Scale Offshore Wind Operations & Efficiencies With Better Wind Forecasting
Why efficient and scalable offshore wind energy depends on accurate and high-resolution weather forecasts and radio occultation
Leverage accurate, high-resolution wind forecasts to optimize wind energy production
Wind is variable and volatile, which means wind-produced energy will be as well, unless paired with detailed weather forecasts to plan and optimize wind farm operations. This is especially the case with offshore wind energy where the energy production opportunity truly lies. After all, offshore winds blow stronger and more steadily than on land winds while the placement of turbines near coastal, high-population areas can support reduced energy transmission costs while lowering real estate fees.
However, forecasting offshore wind has been a constant challenge for the renewable energy sector. Yet, it’s a challenge that must be addressed. Demand for wind energy is growing—energy output is estimated to have reached 65GW in 2020 worldwide and is predicted to hit 68 GW in 2021—and it’s expected to be a $1 trillion industry by 2040. Without better wind forecasts, the industry will grow in size…but will not reap the full operational and financial benefits it should.
Wind Energy Challenges That Hit the Bottom Line
Predicting wind and weather is likely the single-greatest determinant of a wind farm’s operational success as it influences when power can be generated, how well that power can be integrated into a broader electrical grid, and when the optimum times are for maintenance activities.

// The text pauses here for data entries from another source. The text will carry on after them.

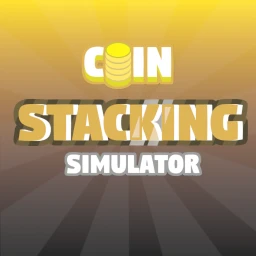 Coin stacking simulator icon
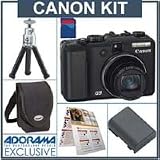 Canon Powershot G9 Black Digital Camera Kit, with 4GB SD Memory Card, Spare NB-2LH Type Lithium-ion Battery, Camera Case, Table Top Tripod, EZ Digital Photography Guide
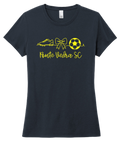 District TriBlend Womens Tee - New Navy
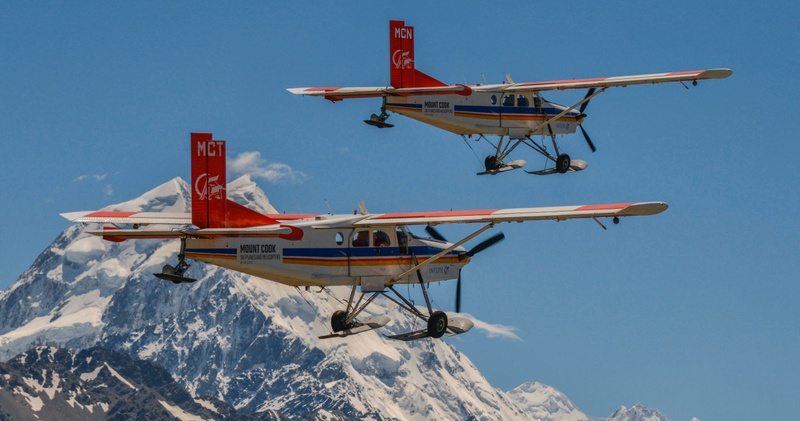 Mt Cook 360 - 45min Ski Plane Overflight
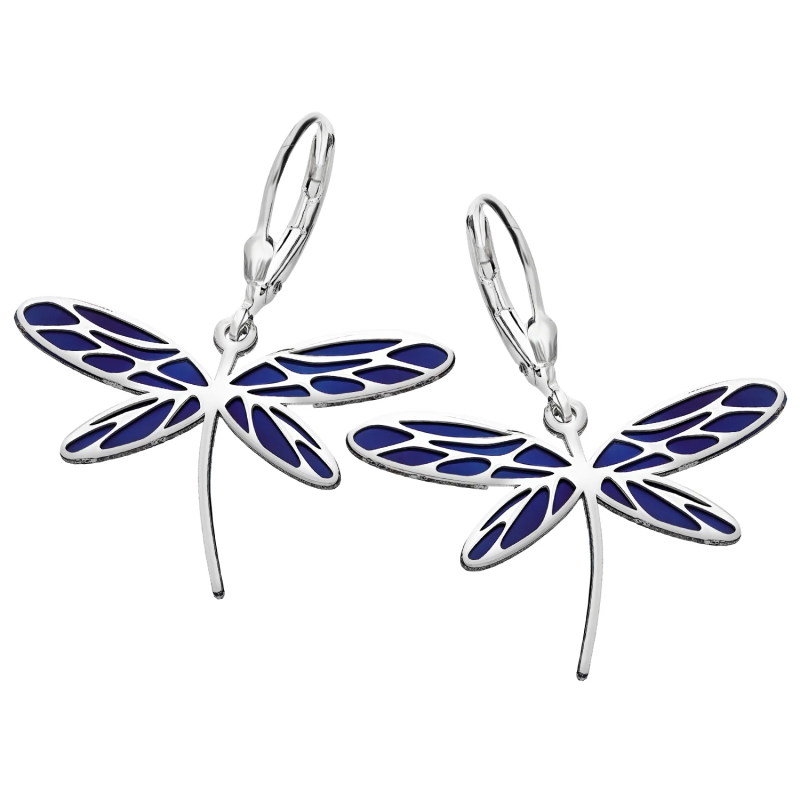 Srebrne Kolczyki Motyl Pr. 925 - JubilerSezam.pl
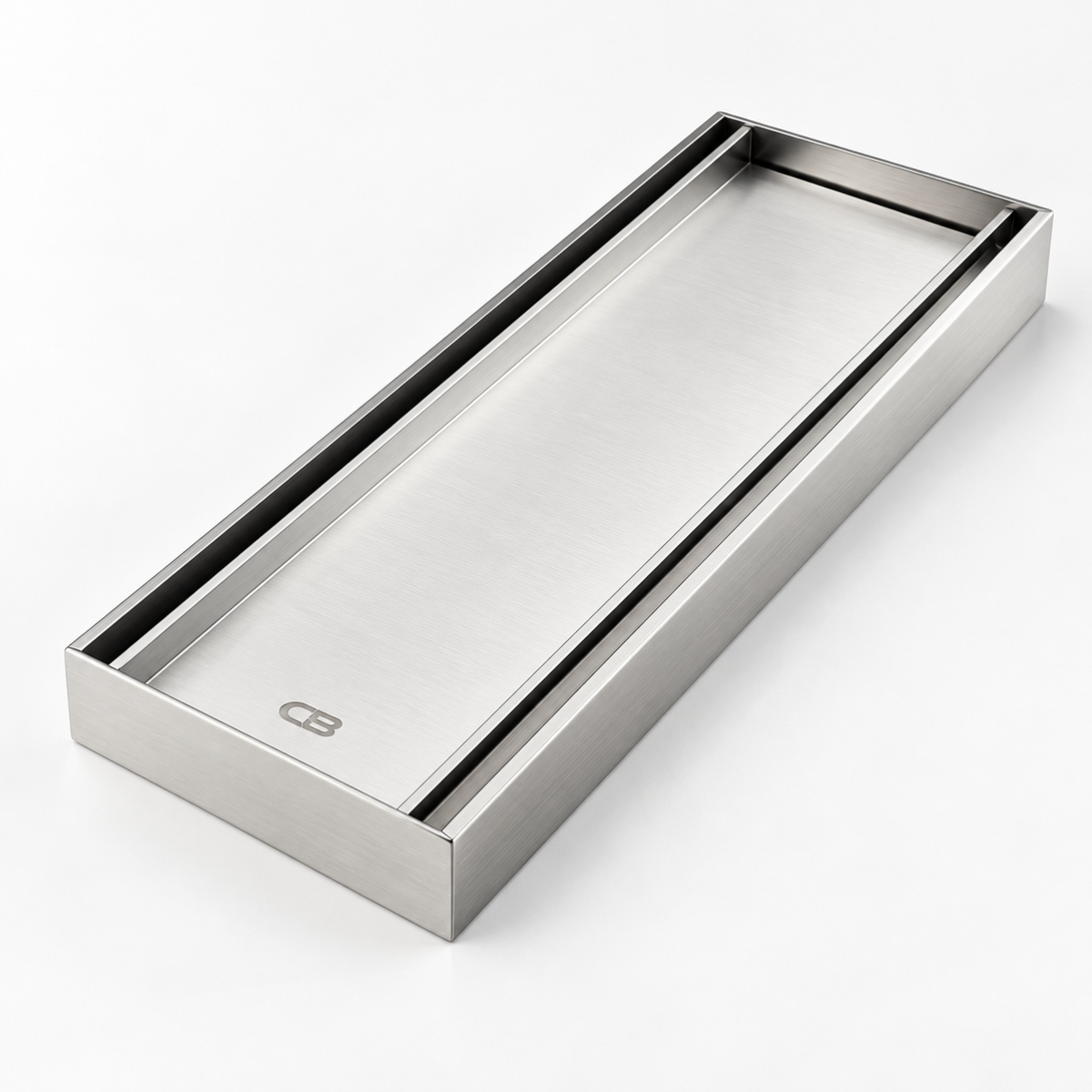 SS304 Linear Marble Insert Drain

However, these challenges skyrocket when it comes to offshore facilities.
Knowing When Is The Right Time To Build & Do Maintenance
Offshore wind farm construction comes with a wide range of challenges. Companies must determine when on-shore components should be delivered to their final offshore destination. Then, there’s the development process itself which can include building the basic foundation, connecting the wind farm to the grid, and then construction of the actual turbines themselves. This is a months long, dangerous process. Without being able to identify calm weather periods, wind farm operators could find themselves addressing materials damages and losses that hit their bottom line. Or, even worse, health and safety risks to their workforce.
Of course, once the building is complete, there will always be long-term maintenance required. Just as accurate weather forecasting is needed for a seamless build-out, it’s also needed to keep maintenance truly routine and problem-free.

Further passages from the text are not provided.